» ABOUT THIS TASK
Within the records below, find the line with "Khi bạn nói" and the line with "Vintage 1946 York", then reproduce exactly those two lines and all lines between them, without any picture.

» DATA TO PROCESS
::::

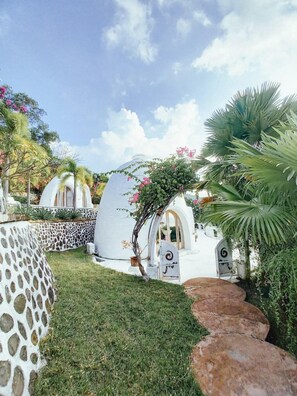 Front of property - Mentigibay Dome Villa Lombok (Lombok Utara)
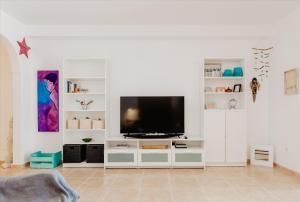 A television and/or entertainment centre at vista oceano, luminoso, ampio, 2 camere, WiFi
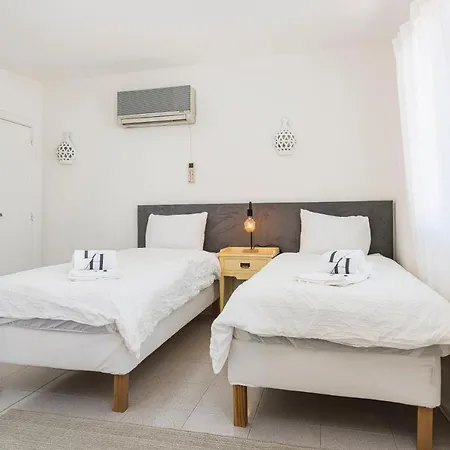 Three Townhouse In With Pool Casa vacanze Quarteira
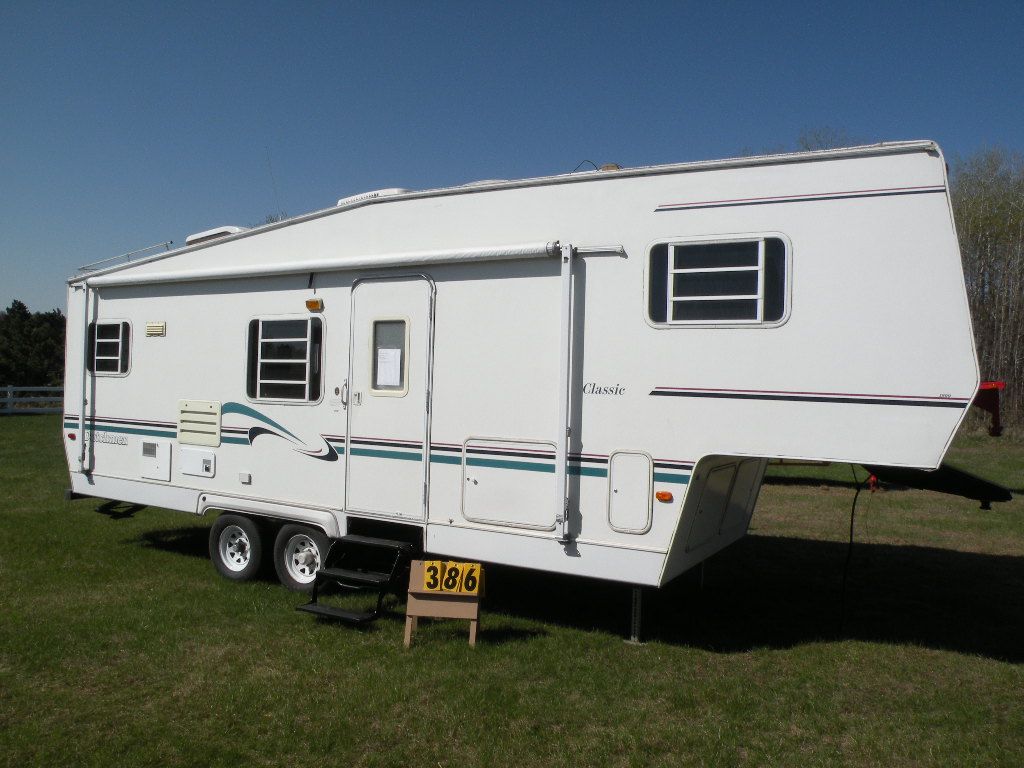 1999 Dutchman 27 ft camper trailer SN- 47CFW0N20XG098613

::::

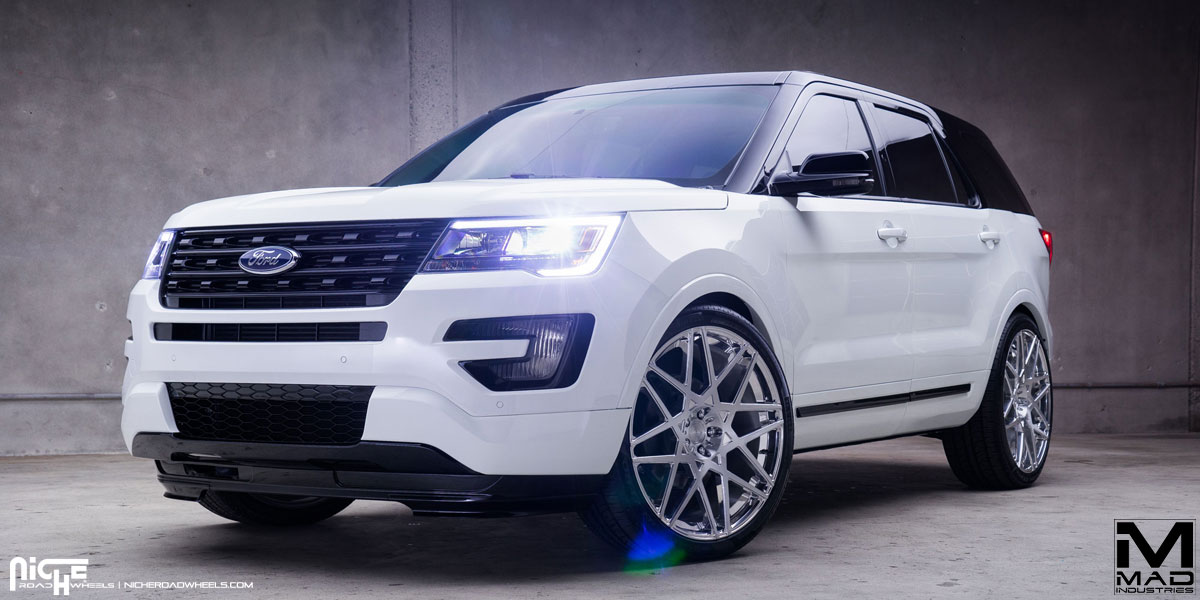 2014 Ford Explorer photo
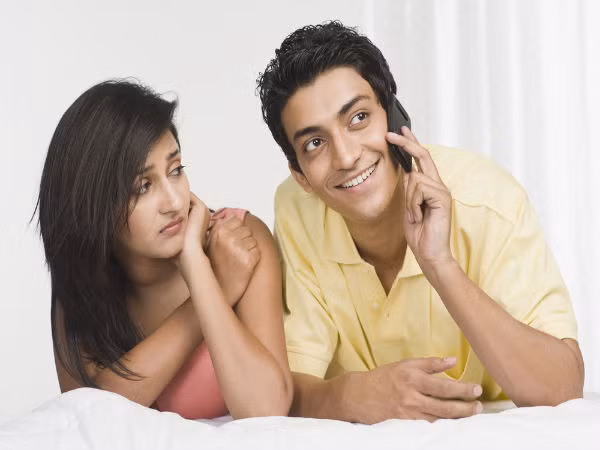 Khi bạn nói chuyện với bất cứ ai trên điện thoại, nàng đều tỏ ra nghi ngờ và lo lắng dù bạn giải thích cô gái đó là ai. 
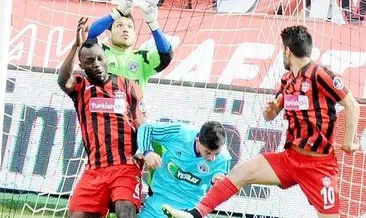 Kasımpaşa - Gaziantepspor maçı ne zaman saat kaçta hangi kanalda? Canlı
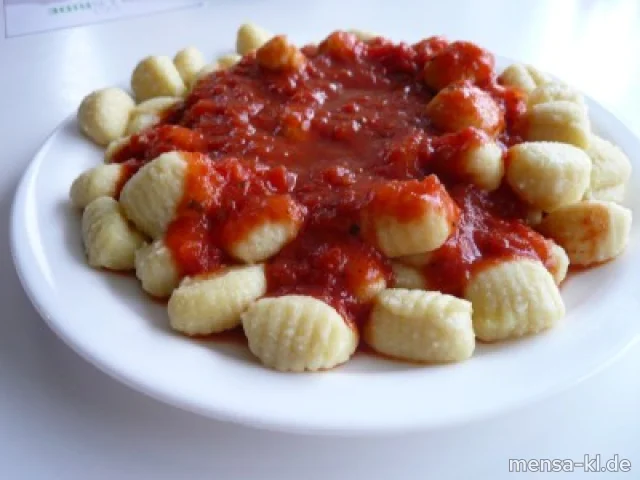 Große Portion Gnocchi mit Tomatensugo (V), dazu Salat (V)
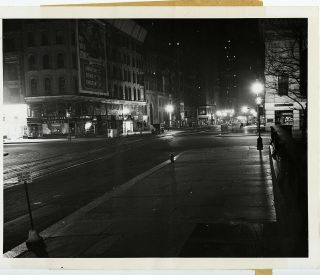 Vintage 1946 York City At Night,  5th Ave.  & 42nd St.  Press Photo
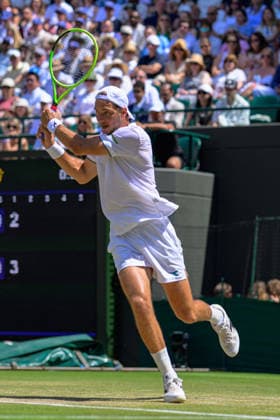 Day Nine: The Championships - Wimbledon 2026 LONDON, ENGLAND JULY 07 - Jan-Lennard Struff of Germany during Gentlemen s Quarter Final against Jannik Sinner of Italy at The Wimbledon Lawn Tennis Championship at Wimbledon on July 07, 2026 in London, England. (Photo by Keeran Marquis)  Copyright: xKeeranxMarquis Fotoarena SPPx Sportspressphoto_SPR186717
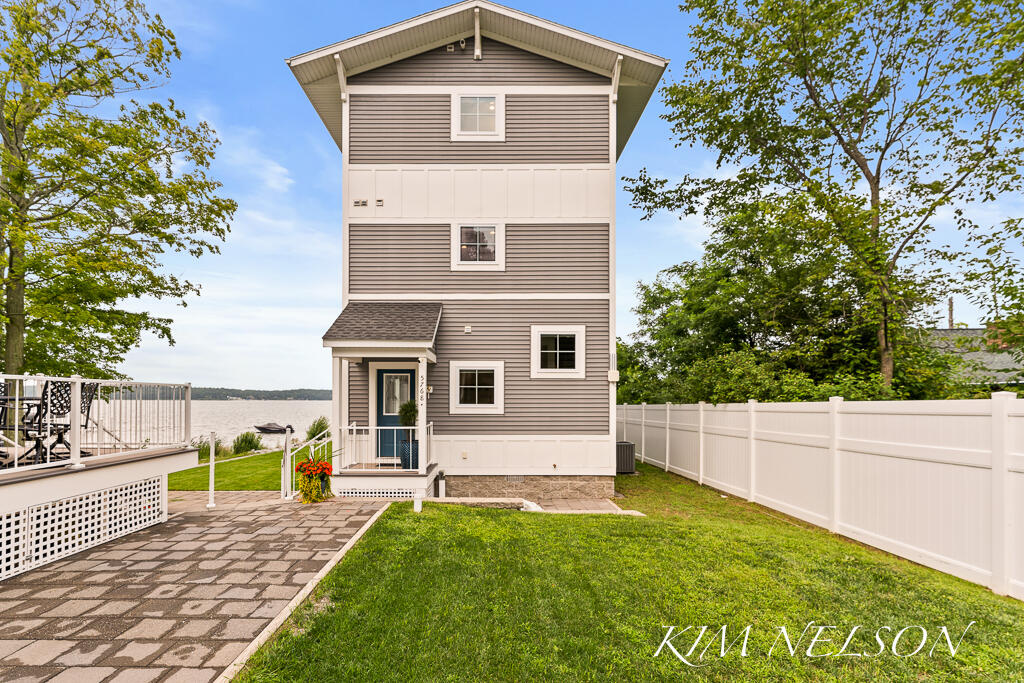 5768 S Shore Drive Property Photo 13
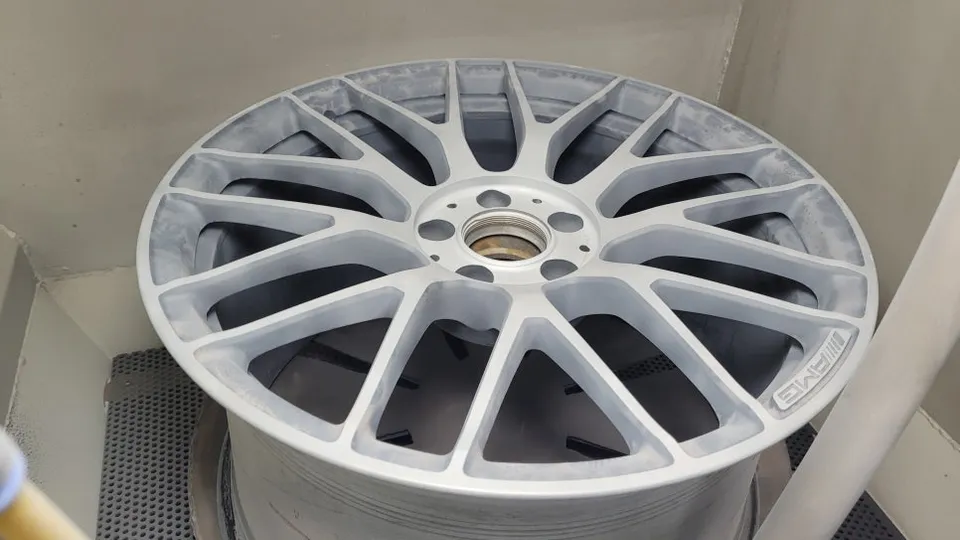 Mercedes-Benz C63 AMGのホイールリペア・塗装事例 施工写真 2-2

::::

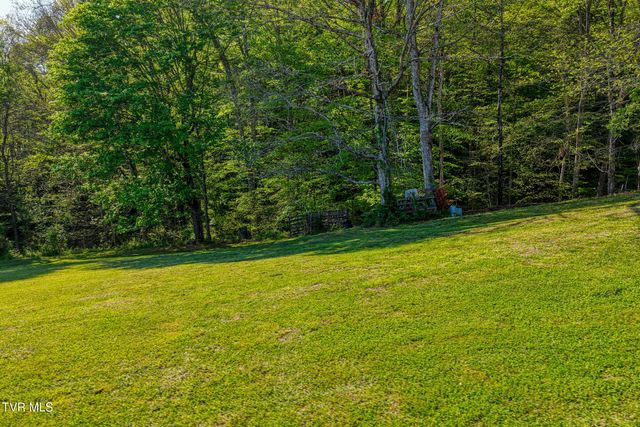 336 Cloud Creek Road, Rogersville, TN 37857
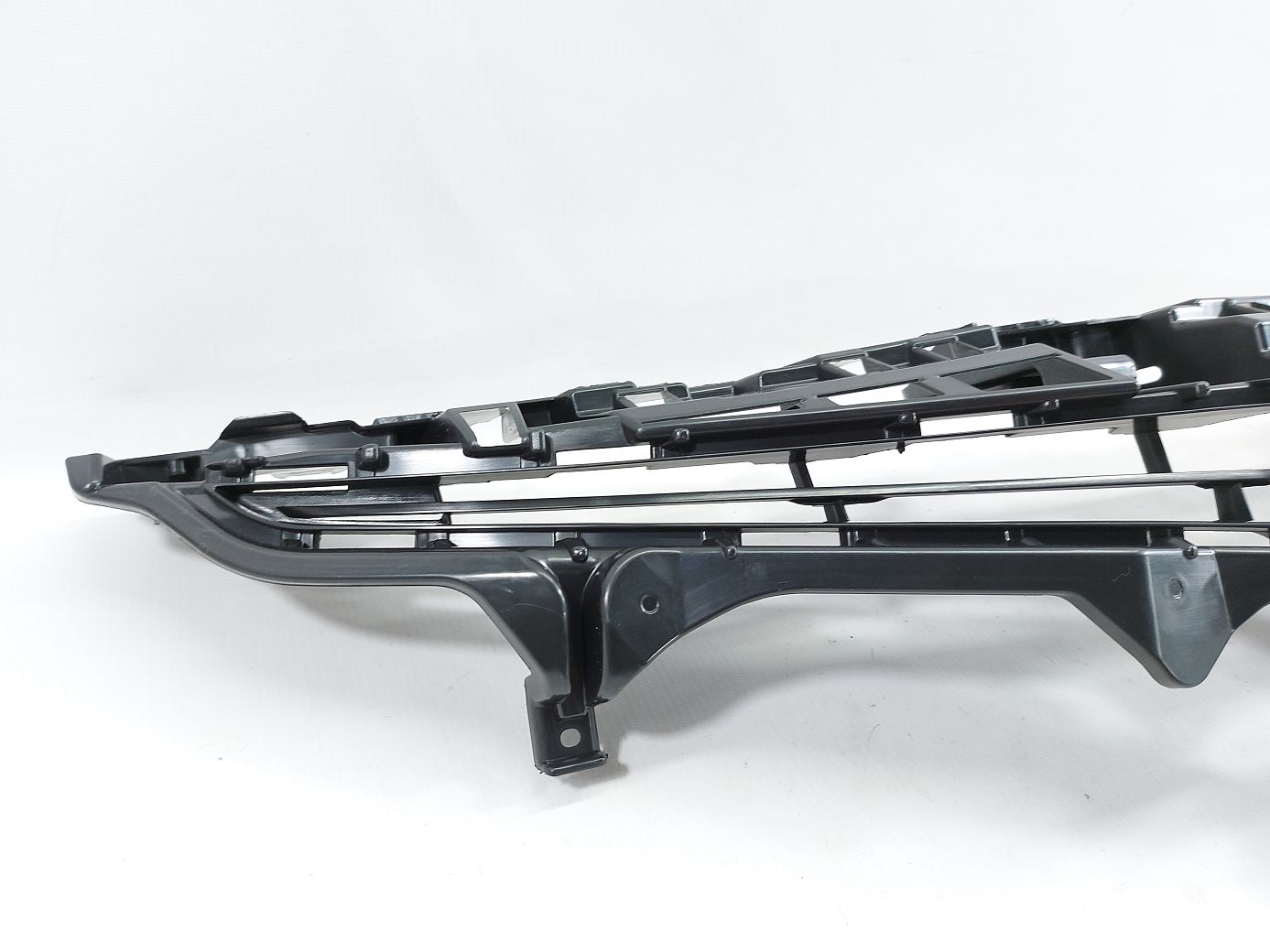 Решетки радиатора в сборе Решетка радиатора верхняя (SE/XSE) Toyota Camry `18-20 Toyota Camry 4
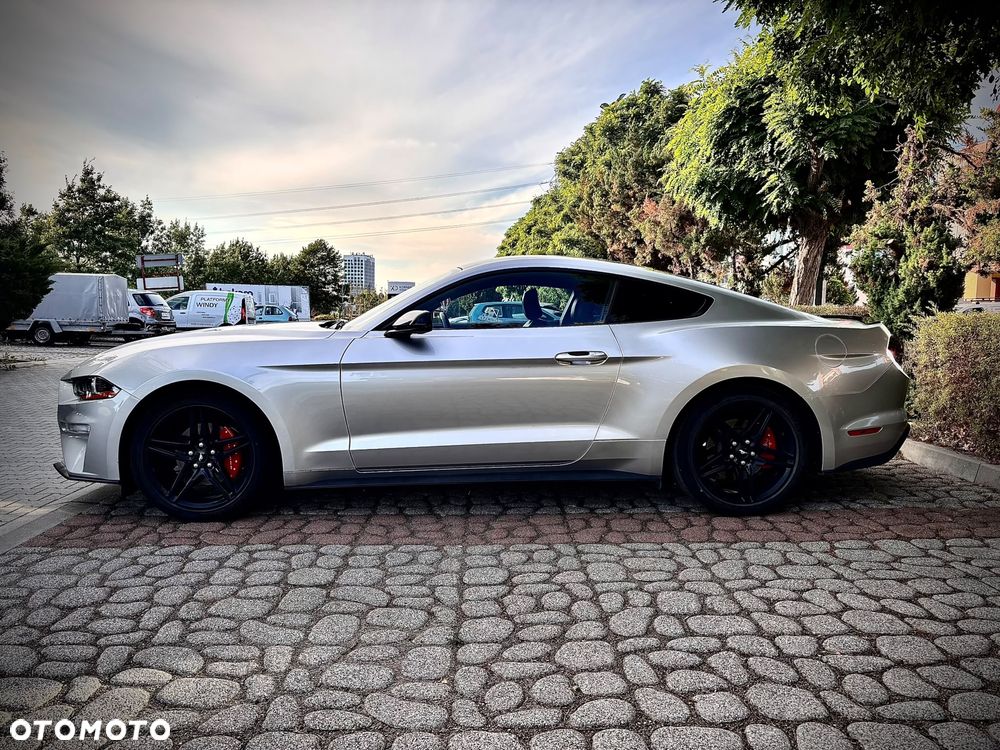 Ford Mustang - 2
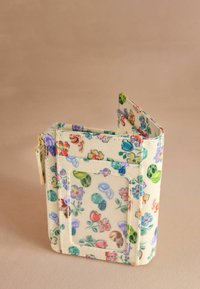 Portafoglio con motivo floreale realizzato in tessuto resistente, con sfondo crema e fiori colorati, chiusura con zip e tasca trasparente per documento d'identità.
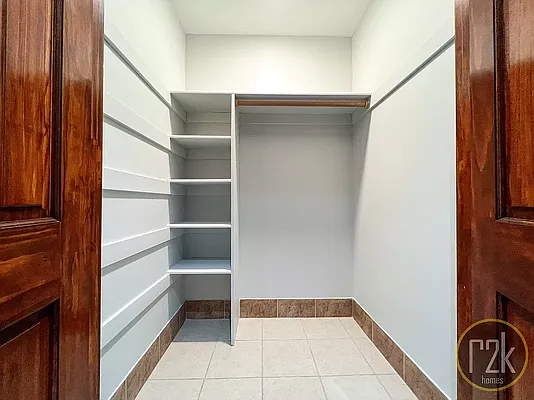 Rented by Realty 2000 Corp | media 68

::::

» YOUR SOLUTION
 Khi bạn nói chuyện với bất cứ ai trên điện thoại, nàng đều tỏ ra nghi ngờ và lo lắng dù bạn giải thích cô gái đó là ai. 
 Kasımpaşa - Gaziantepspor maçı ne zaman saat kaçta hangi kanalda? Canlı
 Große Portion Gnocchi mit Tomatensugo (V), dazu Salat (V)
 Vintage 1946 York City At Night,  5th Ave.  & 42nd St.  Press Photo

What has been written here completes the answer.